A wife who greeted her husband like this, who listened to him, who saw him honestly, who took his troubles to heart, such a wife would be…

Wife.

Husbands had wives. For the first time, Colin envied them that good fortune. “Hamish and Megan are happy with each other,” Colin said, “and I know they had their differences. He’s deliriously happy. I’ve never seen Hamish so happy. He glows with it. He laughs, he—”

Anwen’s fingers had gone still. “Megan too. I watched her walk up the church aisle on her wedding day, and I wondered, what fools, what blind idiots, said my sister was plain? She’s never been plain, and to Hamish MacHugh she never will be.”

A certainty took possession of Colin’s heart, a knowing born of instinct, but also of sense and experience. Anwen Windham was different, special, and precious. For a long moment, he simply held her, savoring a sense of peace where all had been frustration and tumult before.

“I’d like to ask you something, Anwen.”

She rested her head against his shoulder, the weight of her in his arms exceeding even perfection, and achieving a sense of completion.

“Ask me anything. I’ll argue with you if we disagree.”

That pleased her, so it pleased Colin. “Would you think me very forward if I requested permission from Moreland to pay you my addresses? Please be honest, because with you, I want no posturing, no prevaricating to spare me embarrassment. I’m known to be precipitous, but that’s not truly my nature. I can be patient, it’s just that—”

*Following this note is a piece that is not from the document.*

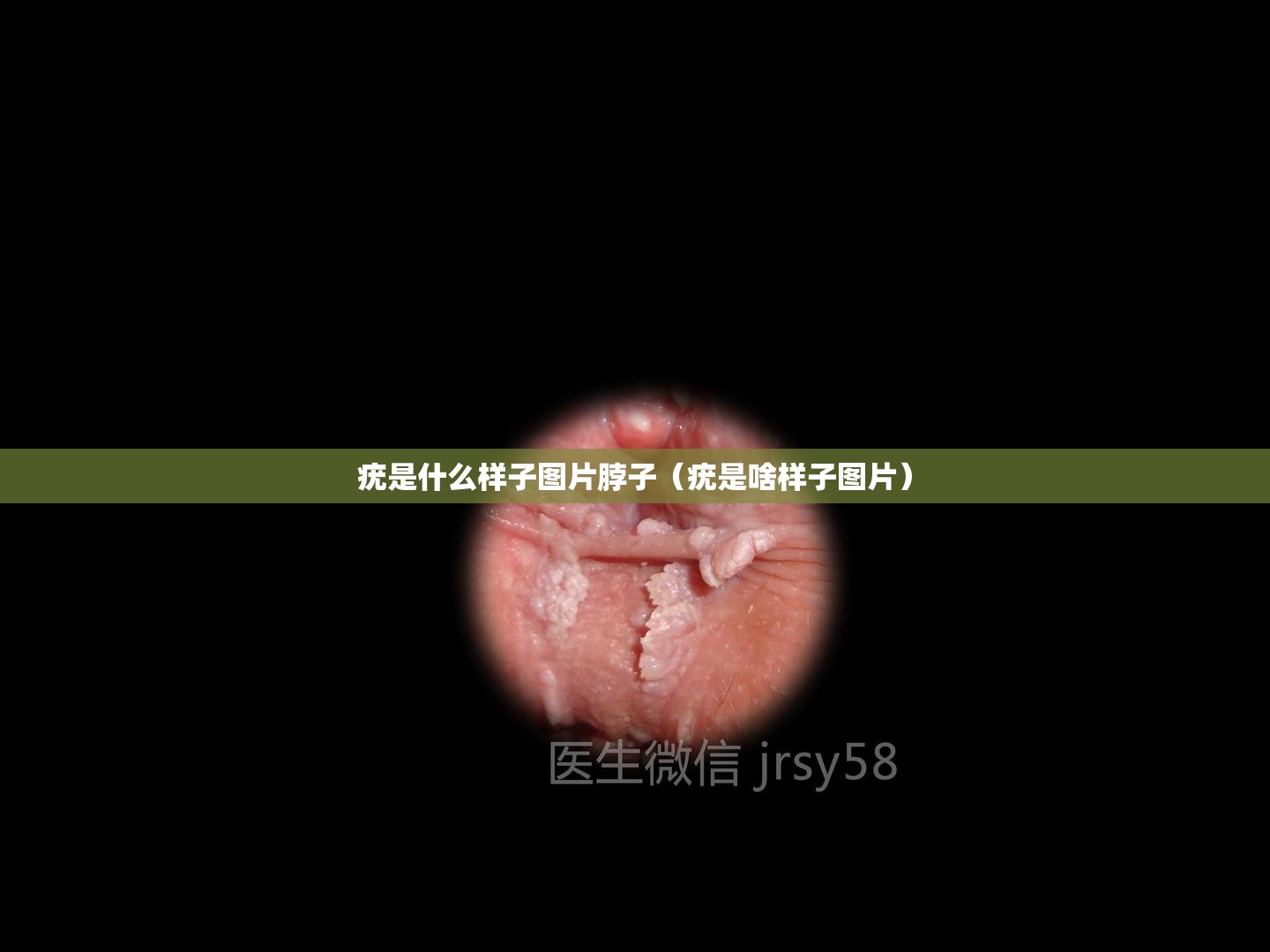 疣是什么样子图片脖子（疣是啥样子图片）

“Yes, I would think you forward.”

Well, all right, then. Colin’s heart sank, but he couldn’t blame her. They hadn’t known each other long, and her family had much more consequence than his. He’d bear up, somehow, under a disappointment that made his earlier foul language look like casual remarks in the church yard.

“I would think you forward,” Anwen said, “and I would approve heartily of your initiative. I am so blessed sick of wasting each spring on the company of men I cannot esteem, and I esteem you ferociously, Colin MacHugh.”

That was…that was a yes. That was permission to court, and a lady did not grant permission to court unless she was mightily impressed with a fellow.

“Are you sure, Anwen? Are you very, very sure?”

She scooted around, so she was facing him. “I’m very, very sure, and the door is very, very locked.”